Arte y cine. Javier Tomeo:
Se califica a la Cinematografía de Séptimo Arte, y no hay duda de que hay algunas películas (a mi juicio, no demasiadas) que merecen el calificativo de mensajes artísticos de primera
magnitud. Sólo de vez en cuando, en efecto, la suma de los diversos elementos que configuran el polinomio cinematográfico (la historia que se narra, los actores que la interpretan, la música que subraya y potencia las diversas situaciones, el embrujo silencioso de la fotografía y, en suma, el genio del director que, convertido en una especie de taumaturgo, lo canaliza todo) nos dan el resultado apetecido y el milagro se produce. Junto a ese cine con mayúsculas, sin embargo, está el que nos imponen -algunas veces sin la menor misericordia- las implacables leyes del márketing, pero también ese cine con minúscula cumple ahora sus primeros cien años. Un cine de segunda o tercera división que, respecto al cine de calidad, puede estar en la misma relación que las hamburguesas y el Ketchup respecto a la refinada cocina francesa, pero cuya importancia social es aún mayor -por su mayor número de consumidores- que el de ese otro cine de calidad que, sobre todo, florece en el reducido valle de las filmotecas. Lo que decimos ahora del cine, de todas formas, puede aplicarse también a cualquier otro quehacer artístico. En este tipo de cine-evasión, sin embargo, lo de Séptimo Arte me parece excesivo, aunque nos cuente historias interesantes o se nos ofrezca con una técnica impecable. Técnica y arte, al fin y al cabo, pertenecen a dos esferas que no siempre se superponen.
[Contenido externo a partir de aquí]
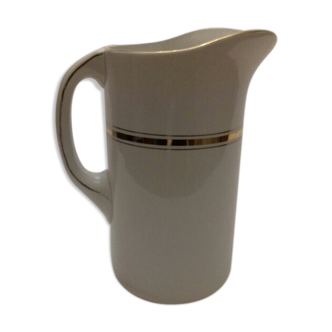 Onnaing's white earthenware pitcher
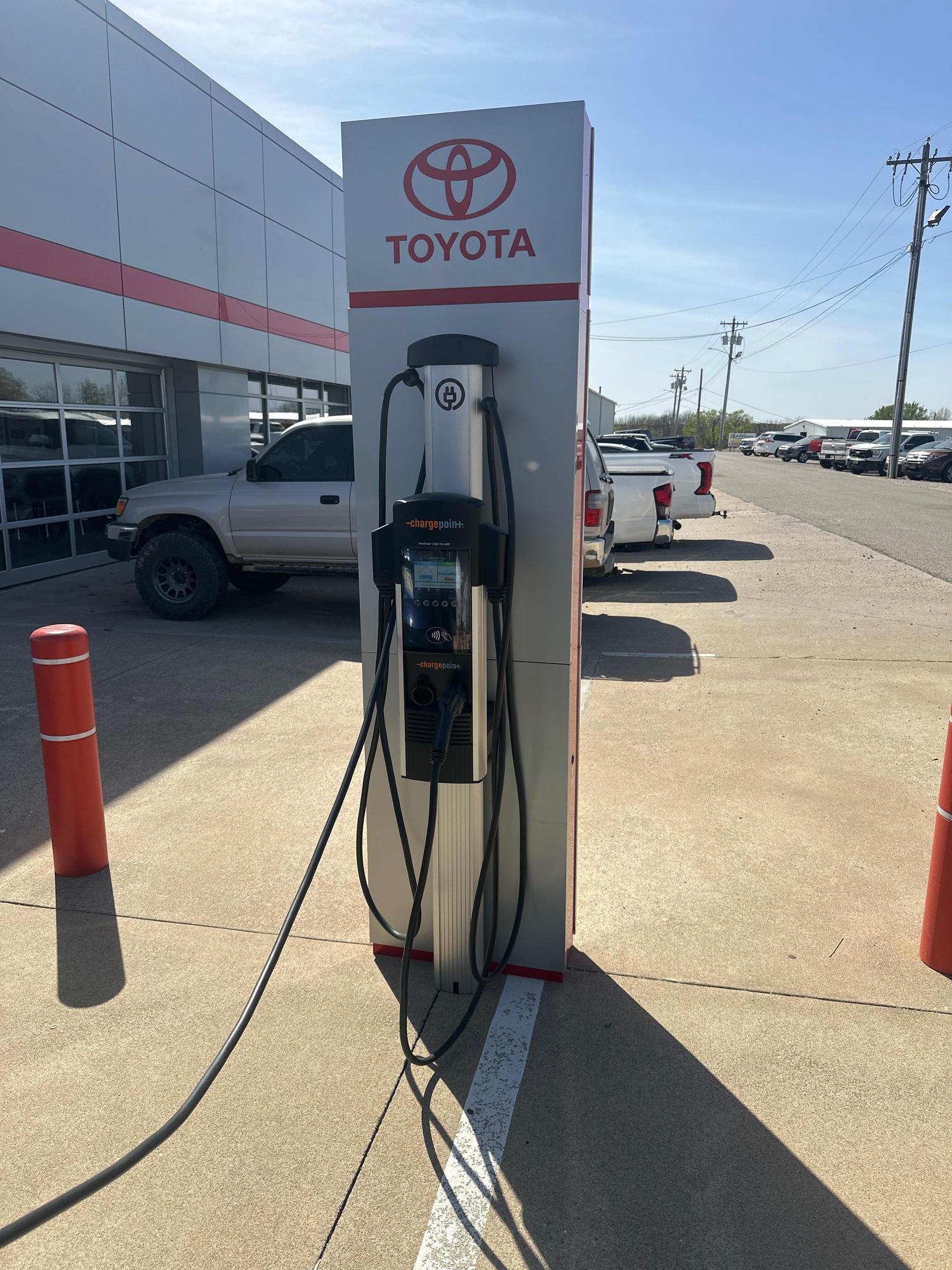 Baldwin Ford Toyota Poplar Bluff, MO EV Station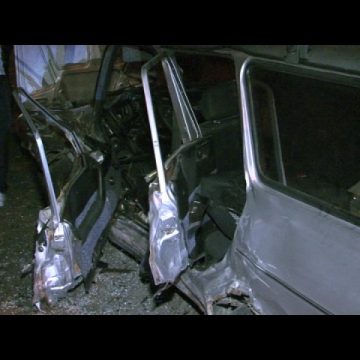 Baia Mare: Accident grav în Valea Chioarului cu 4 victime dintre care 1 persoană se află încarcerată sub fiarele maşinii Baia Mare: Accident grav în Valea Chioarului cu 4 victime dintre care 1 persoană se află încarcerată sub fiarele maşinii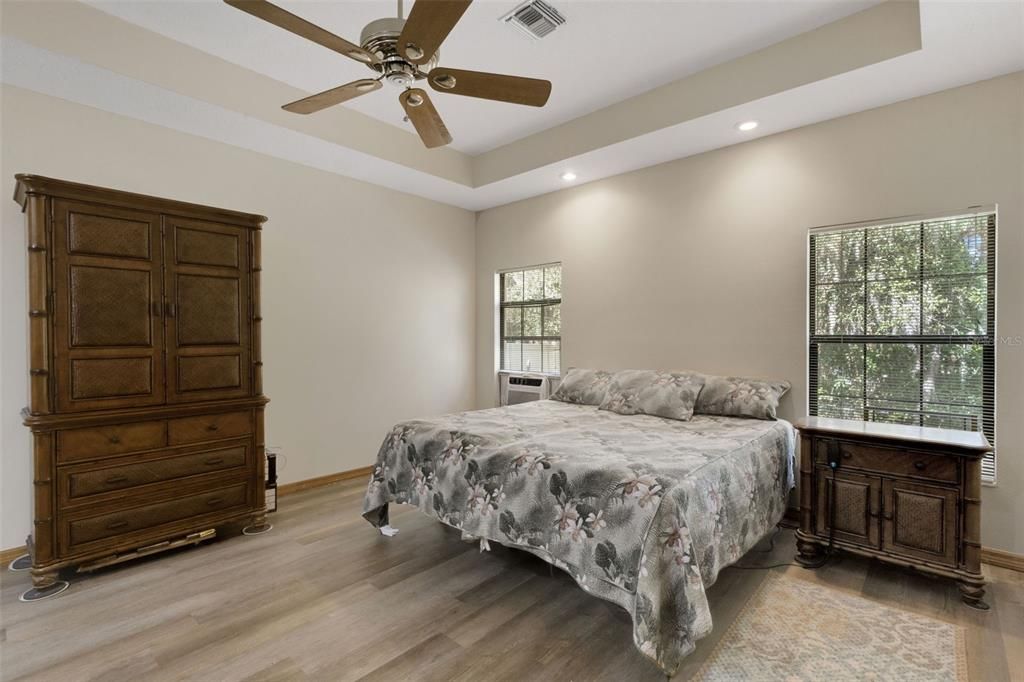 For Sale: $599,900 (4 beds, 2 baths, 2474 Square Feet)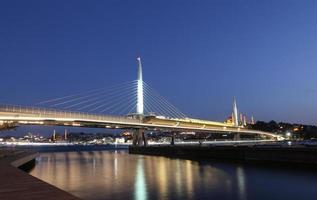 puente de metro golden horn en estambul, turquía foto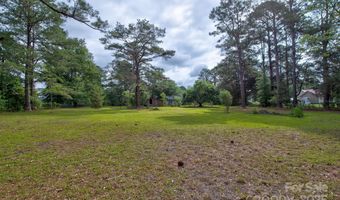 589 White Pines Cir, Camden, SC 29020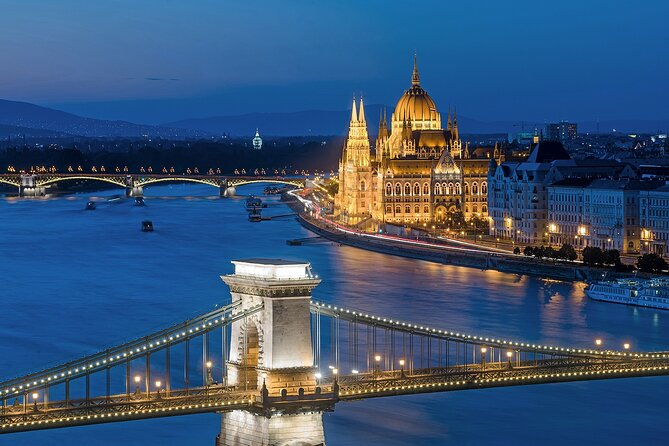 Walking tour in the Buda Castle incl. Fisherman's Bastion - Matthias Church and the opening history lesson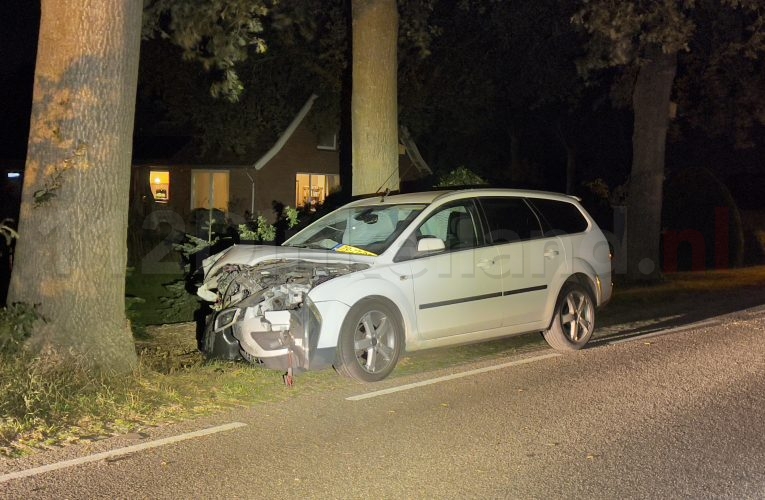 Automobilist raakt van de weg en belandt tegen boom in Denekamp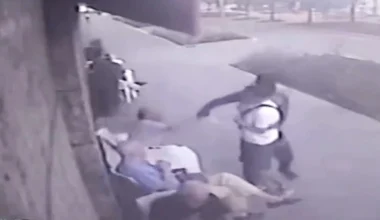 Μιλάνο: Παράνομος μετανάστης από τη Γκαμπόν επιτίθεται ξαφνικά σε 55χρονο και τον μαχαιρώνει πολλές φορές! (βίντεο)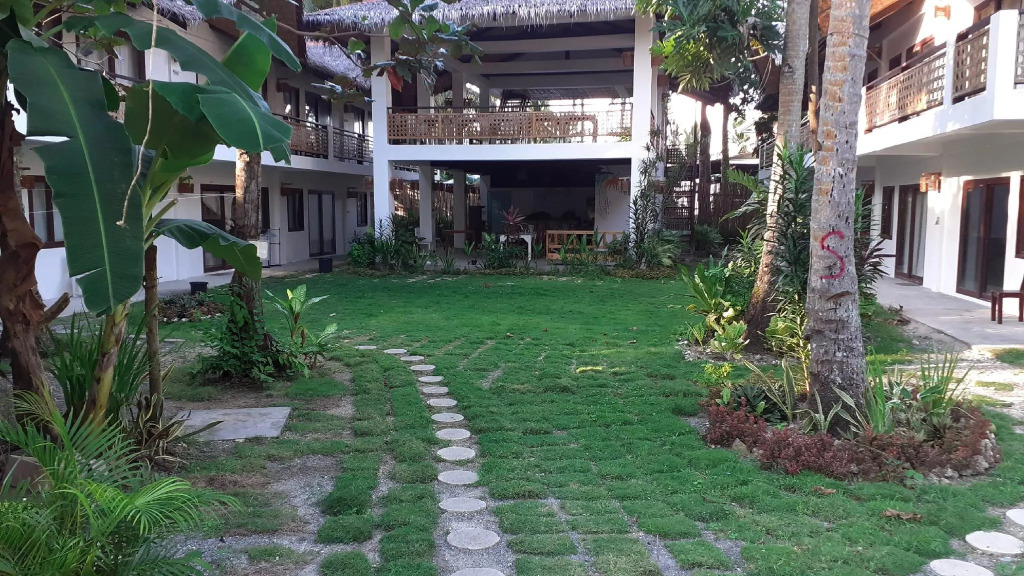 Siargao Oasis Suites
Resumiendo: un cine para concienciar, en el que lo que menos priva son los objetivos comerciales, y otro cine para entretener, pero incluso en esta especialidad de objetivos más prosaicos
hay un cine bien hecho y otro deleznable. Si lo que queremos, sin embargo, es psicoanalizar a la sociedad que produce y consume películas, cualquiera de esas dos concepciones nos parece igualmente importante. Para quienes nos creció el bigote durante el franquismo, además, las películas eran también mensajes que había que interpretar debidamente a pesar de las manipulaciones de una censura que no dejaba títere con cabeza. Unos censores celosos, pero tal vez no demasiado sutiles que, por poner un ejemplo, convirtieron en hermanos a los esposos mal avenidos de Mogambo, para que de ese modo ella pudiera acostarse sin demasiado escándalo con el apuesto cazador profesional, o que, al decir de algunos maldicientes, fueron incluso
capaces de convertir a las innumerables mujeres desnudas que aparecían en la versión original de Cuando ruge la marabunta en un ejército de terroríficas hormigas que lo arrasaban todo a su paso. Ni siquiera aquellos censores, sin embargo, pudieron impedir que la famosa bofetada que Gleen Ford sacude a Rita Hayworth en Gilda marcase para siempre la vida de un compañero de clase que, a partir del día en que vio aquella famosa secuencia, adoptó para siempre el aire entre desencantado y aburrido del protagonista, a pesar de que por entonces mi amigo no había cumplido todavía los diecisiete años.